Customer Concentration: The Real Risks and Potential Benefits


There is more to concentration than a revenue pie chart

Business owners often spend years developing deep relationships with key customers, and many owners can point to a single customer that was the catalyst for a pivotal growth stage in their business’s history. But when it comes time for the sale of a business, suddenly potential buyers start to view those relationships as a source of risk instead of strength. “Customer concentration,” where a meaningful portion of sales come from a single customer, is rarely viewed as a positive characteristic. It is our view, however, that not every concentrated customer base is the same under the hood. Helping buyers understand these differences can keep engagement levels high, and can positively influence transaction value.

Customer concentration is a relatively easy reason to pass on an investment. A buyer will view any externality as a potential risk to a business, and customers are an externality that can be difficult to understand and predict.
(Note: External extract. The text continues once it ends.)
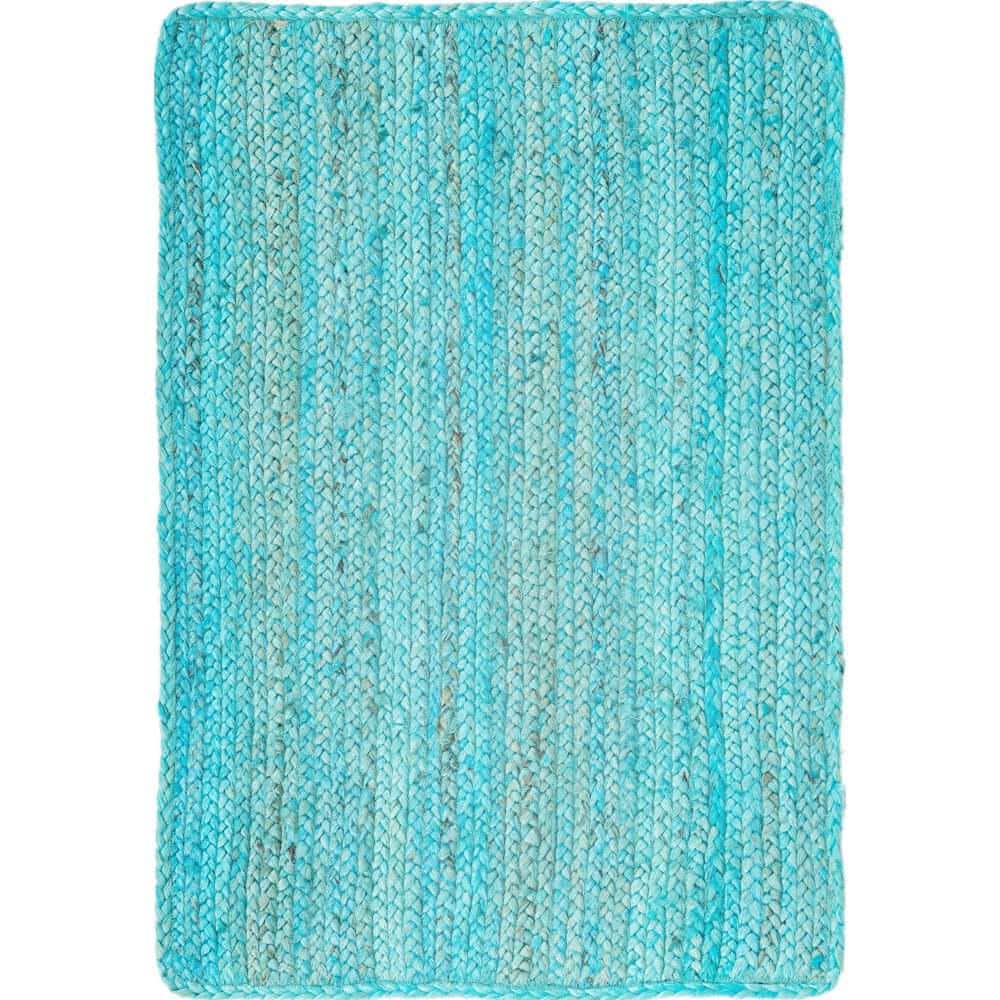 Unique Loom Braided Jute Dhaka Turquoise 2 ft. x 3 ft. 1 in. Area Rug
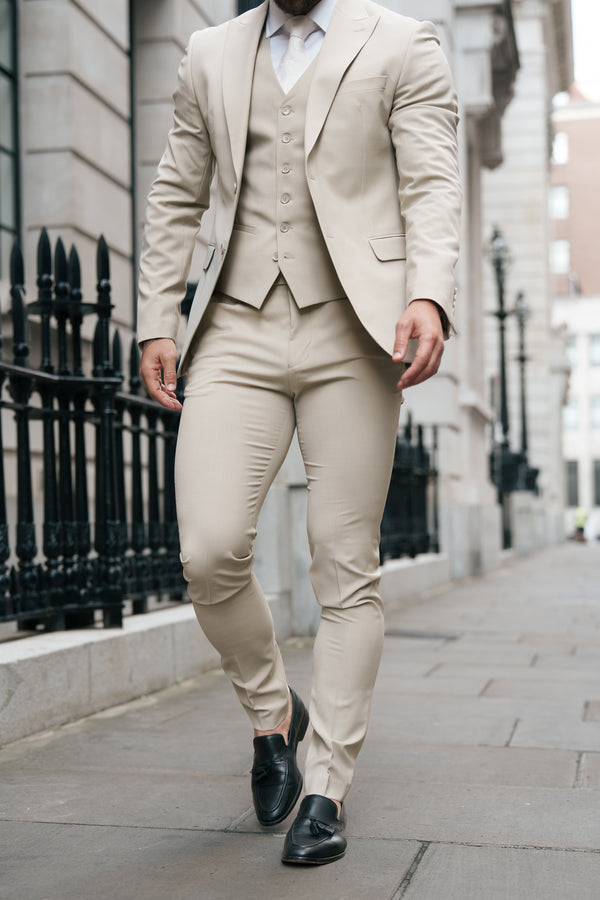 Father Sons Slim Formal Beige Stretch Trousers - FST038 (PRE ORDER 14TH AUGUST)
When a business is dependent on a small number of those outside actors, any insulation the business has against freak events becomes very thin. Unless a buyer has a great reason to spend time understanding the nature and depth of a business’s customer relationships, when faced with meaningful customer concentration (usually 30-50% of sales to a single customer), it is an easy decision for a buyer to choose to spend their time elsewhere.

However, simply looking at revenue figures doesn’t always tell the whole story. Assessing risk is difficult, so buyers lean on proxies of risk to help them make timely decisions, especially early in a process. If a buyer can be helped to understand why the true risk is not accurately captured in a “sales by customer” table, then they are likely to keep engaged further into a process, maximizing the perception of value and the likelihood of participating as a competitive bidder. The following case studies are examples of where the “real” risk of a revenue base was not reflected by its relative distribution of customers:

  1. Identifying the true customer. A business was selling a technical product into pharmaceutical companies’ research and development departments. On the surface, revenue appeared heavily concentrated – over 80% came from a single pharma company. But its true customers were research groups, who controlled their own budgets and purchasing decisions, and operated independently from each other under the same corporate umbrella. Within this key customer, sales were made to more than 25 research groups across multiple disease areas and business units – each with its own unique dynamics and risk profile. In this case, referring to the corporate parent as the “customer” didn’t capture the true concentration, and the customer diversification was in reality quite broad.
  2. Mutual dependency. Another business, a consumer products distributor, had developed a 15+ year relationship with its key customer, a national retailer. This customer represented more than 85% of the business’s revenue. Many businesses having this characteristic would be highly risky, as they would be one of many undifferentiated service providers selling to a customer with tremendous buying power and low switching costs. Instead, in this case, the national retailer was deeply dependent on this distributor for a key segment; the two companies had spent years entwining their supply chains, information systems, and risk sharing, and had created a very high margin result for each. No competitor offered a possible substitute to the large retailer. Given these attributes, this distributor could point to its key customer as a source of strength, not risk.
  3. Immediate vs. end customer. A third business is a counter-example, as it appeared highly diversified on the surface, yet was much riskier than at first glance. This business was a supplier of tooling and parts to a broad base of aircraft maintenance organizations across the United States. But a deeper dive into its products’ end use showed that over 70% of its parts and tooling were used to service a single Boeing airframe. While its immediate customers didn’t appear to show meaningful concentration, in reality, the business had significant exposure to the future of a single product line from one OEM. In this case, the traditional measure of customer concentration did not capture the true revenue risk.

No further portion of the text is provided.